Мы должны принять необходимость компромисса, понять, что ни они, ни мы не заинтересованы в возникновении конфликта. Мы можем извлечь огромную выгоду из такого разумного соглашения. Однако все это требует детальной подготовки и конкретных действий.
- Можно ли назвать отношения Китая и США одним из основополагающих элементов XXI века?
- Да. В настоящий момент нет никаких причин сомневаться в том, что Китай продолжит наращивать свою мощь, несмотря на целый ряд внутренних проблем. Да и существует ли сегодня альтернатива Китаю на международной арене? Индия таковой не является. Япония слишком стара. Европа чересчур занята собственными делами. (...)

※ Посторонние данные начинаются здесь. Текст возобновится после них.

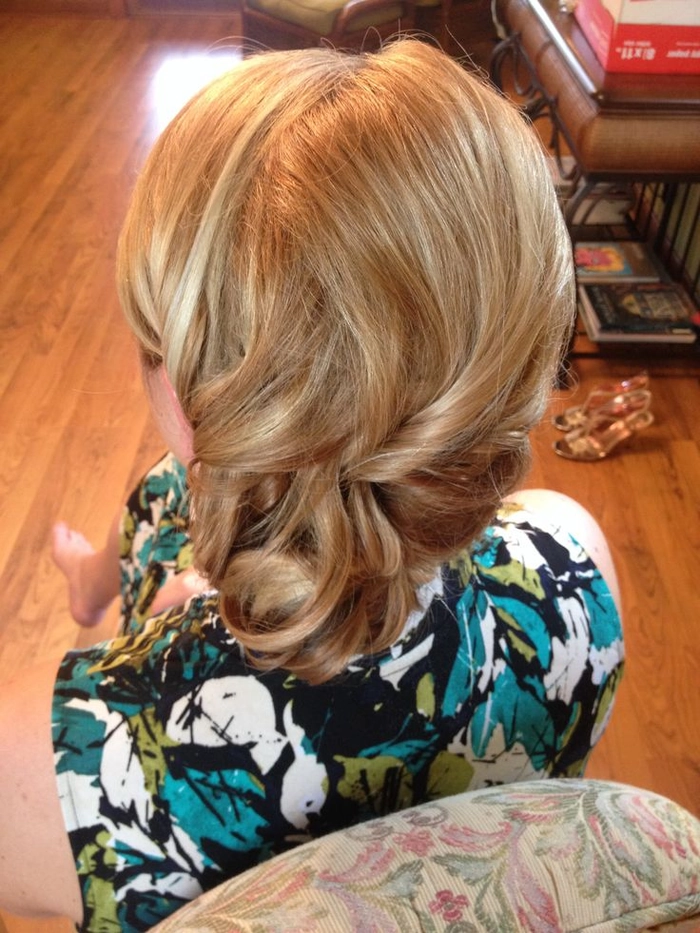 Twisted updo styling ideas for a casual beach look Twisted beach updo with textured waves and a center twist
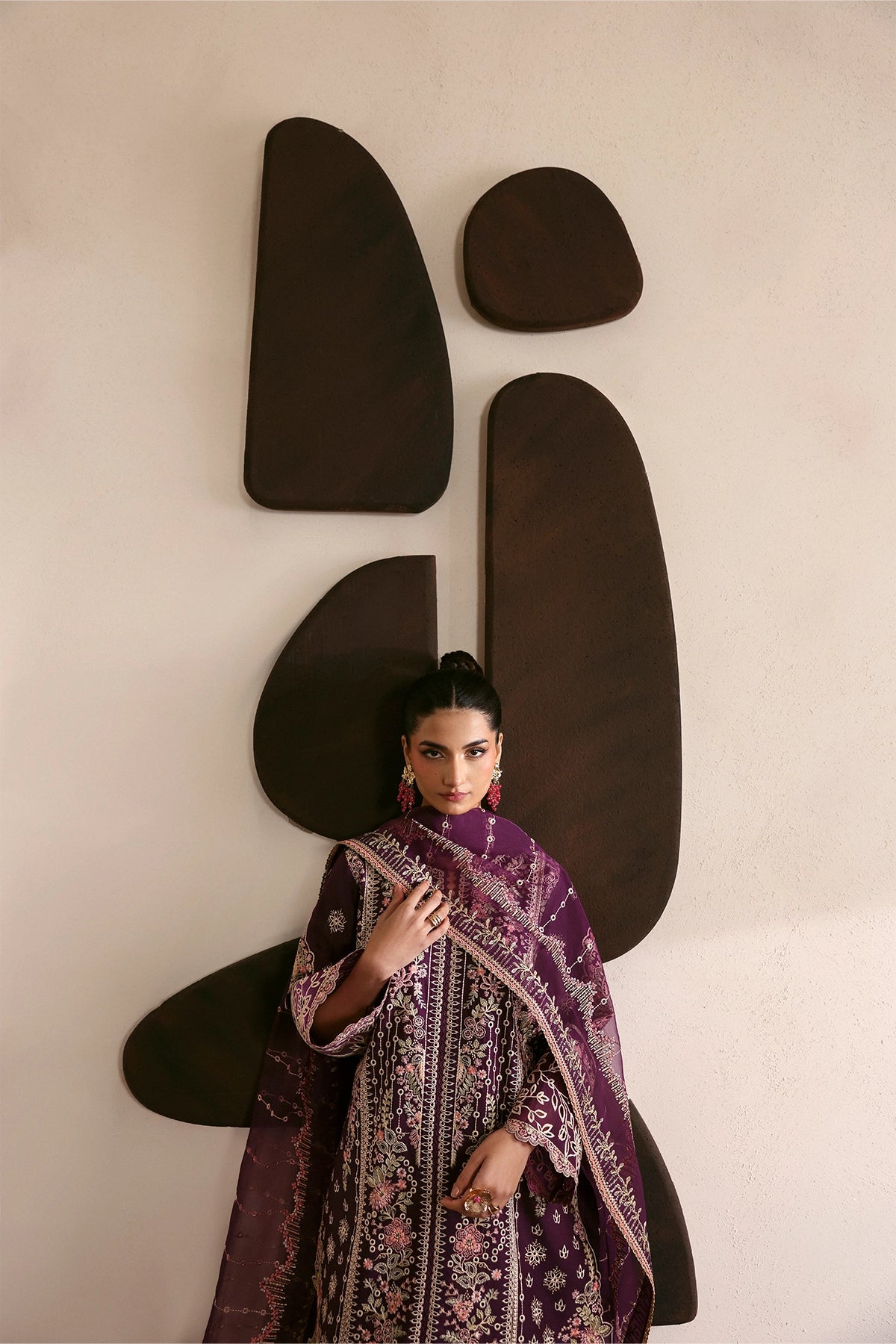 Woman in a patterned outfit standing against a wall with abstract black shapes.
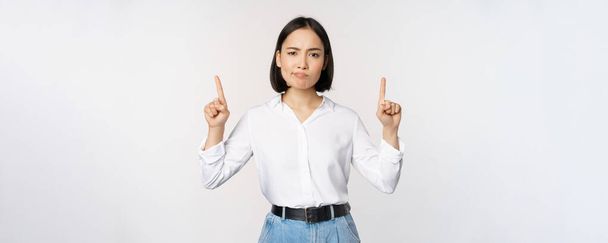 Kuva skeptinen aasialainen nainen irvistys, murjottaa järkyttynyt, osoittaa sormella ylös, näyttää mainos, seisoo valkoisella taustalla - Valokuva, kuva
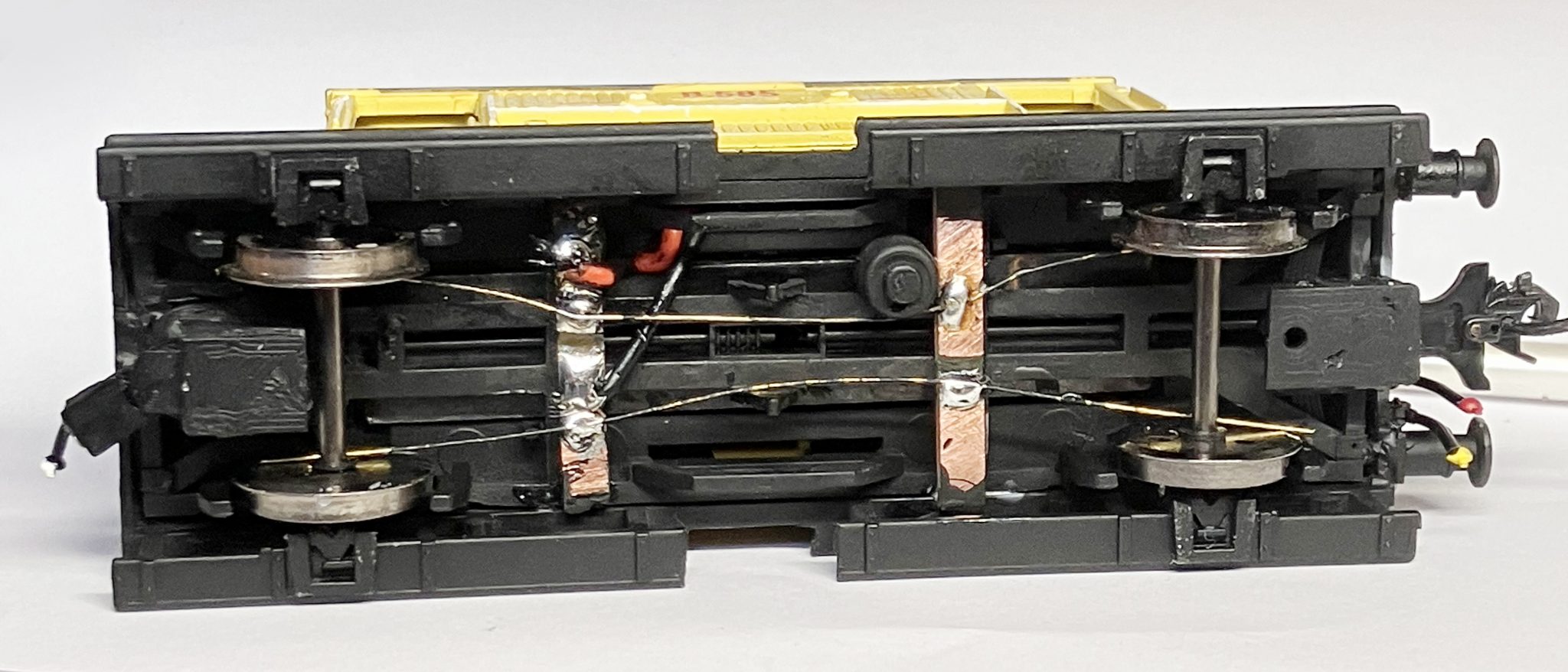 Electrical pickups contact the backs of the wheel flanges to carry DCC current to the the stay-alive inputs (red and black wires visible in this shot). The stay-alive unit's bridge rectifier then converts that DCC flat waveform signal to DC current.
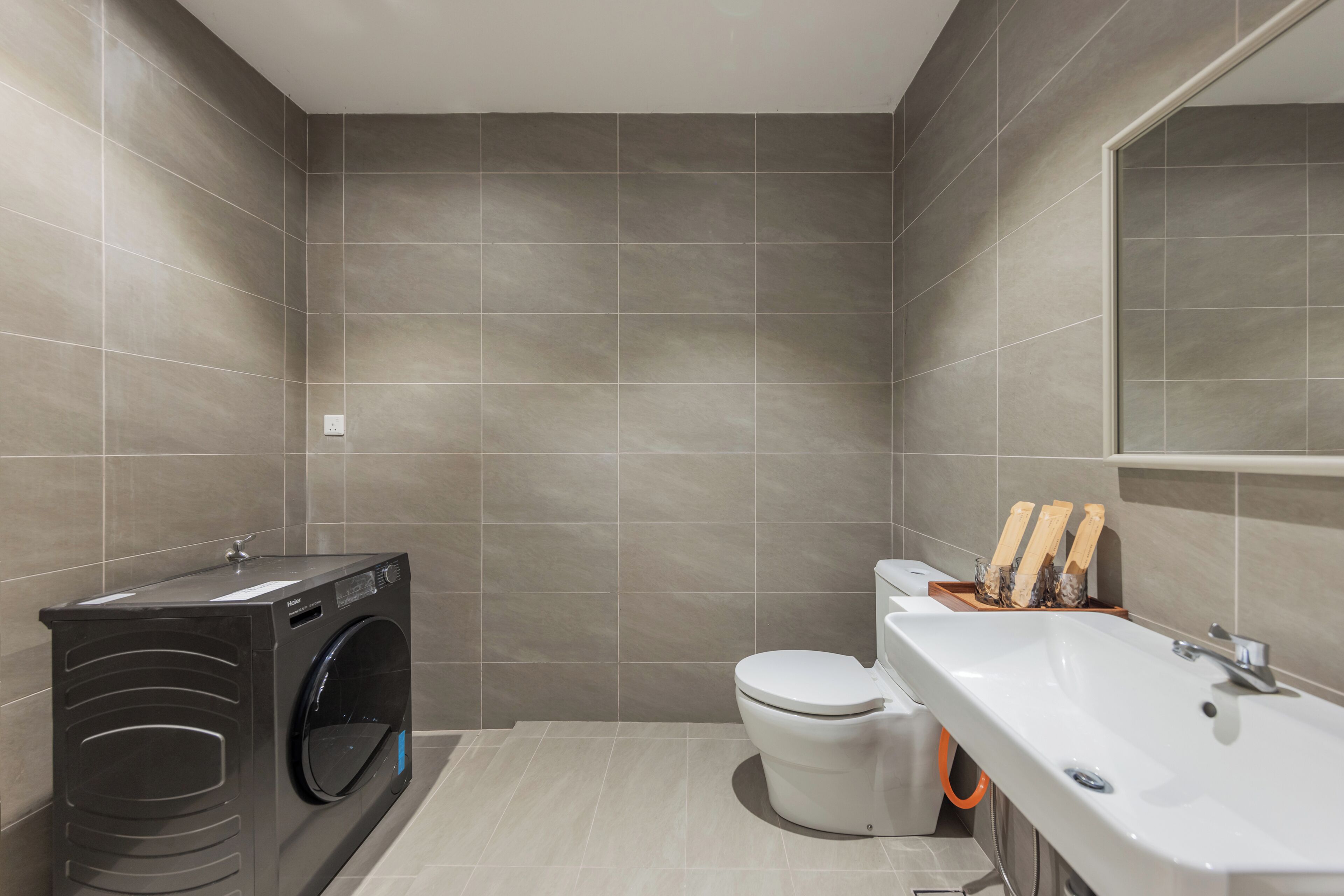A modern bathroom with a built-in washer, toilet, and sink.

- Администрация Обамы говорит о сокращении военного контингента в Афганистане, а ее отношения с Пакистаном становятся все сложнее. Что вы думаете об американской политике в регионе?
- Я думаю, что в целом она делает то, что нужно. То есть создает фундамент для соглашения и взаимопонимания с некоторыми талибскими элементами и в то же время устраняет любую возможность для «Аль-Каиды» создать себе убежище в стране. В дальнейшем это позволит добиться постепенного сокращения военного присутствия. (...)
Однако в тот или иной момент нам придется открыть региональный зонт, то есть созвать масштабную конференцию (...). В ней должны будут принять участие Пакистан, все остальные «станы» и Иран. За этой первой линией могут последовать Индия, Китай, Россия, США или НАТО. Такое мероприятие необходимо для утверждения рамок региональной стабильности. (...) Она будет основываться на том факте, что внешнее политическое и военное присутствие должно будет сократиться. Разумеется, до разумных пределов. Это как раз то, чего нам не удалось сделать в 1989 году и в последующие годы. В результате мы получили талибов и «Аль-Каиду».
- Вы хотите сказать, что США следовало остаться в Афганистане после вывода советских войск?
- Именно это нам и нужно было сделать. Однако мы проявили небрежность и до сих пор за нее расплачиваемся.